Sophomore album Satis Factory received four-star reviews from The Guardian, Q, Mojo, DIY, Uncut, and The Times, and was named Album of the Weekend by BBC Radio 1 Hype Chart and A-listed as Album of the Day on BBC Radio 6 Music. Mattiel were also listed as WXPN Artist of the Month.

In addition, Mattiel have also performed on Later... with Jools Holland and Last Call with Carson Daly, and featured in The BBC Proms at the Royal Albert Hall, London.
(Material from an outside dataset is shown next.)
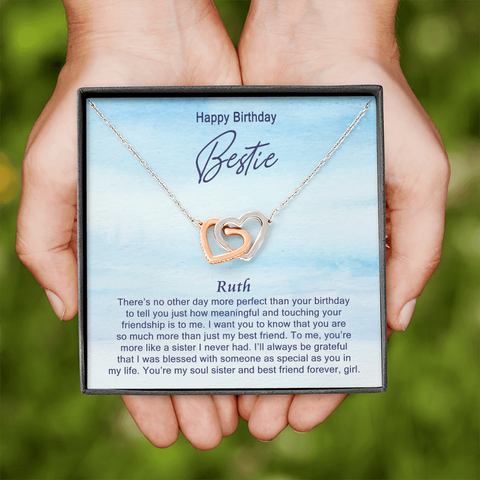 BFF (Blue) To My Beautiful Mom (Interlocking Hearts) Necklace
Most of their performances are posted on their YouTube channel, as well as their southern gothic style music videos, the newest of which for the song Blood in the Yolk was inspired by 1970s middle eastern gothic styles.

Discography

Studio albums 
 Mattiel (2017)
 Satis Factory (2019)
 Georgia Gothic (2022)

Extended plays 
 Double Cover (2020)
 Those Words (2021)

References 

American women singer-songwriters
Heavenly Recordings artists
ATO Records artists
Singer-songwriters from Georgia (U.S. state)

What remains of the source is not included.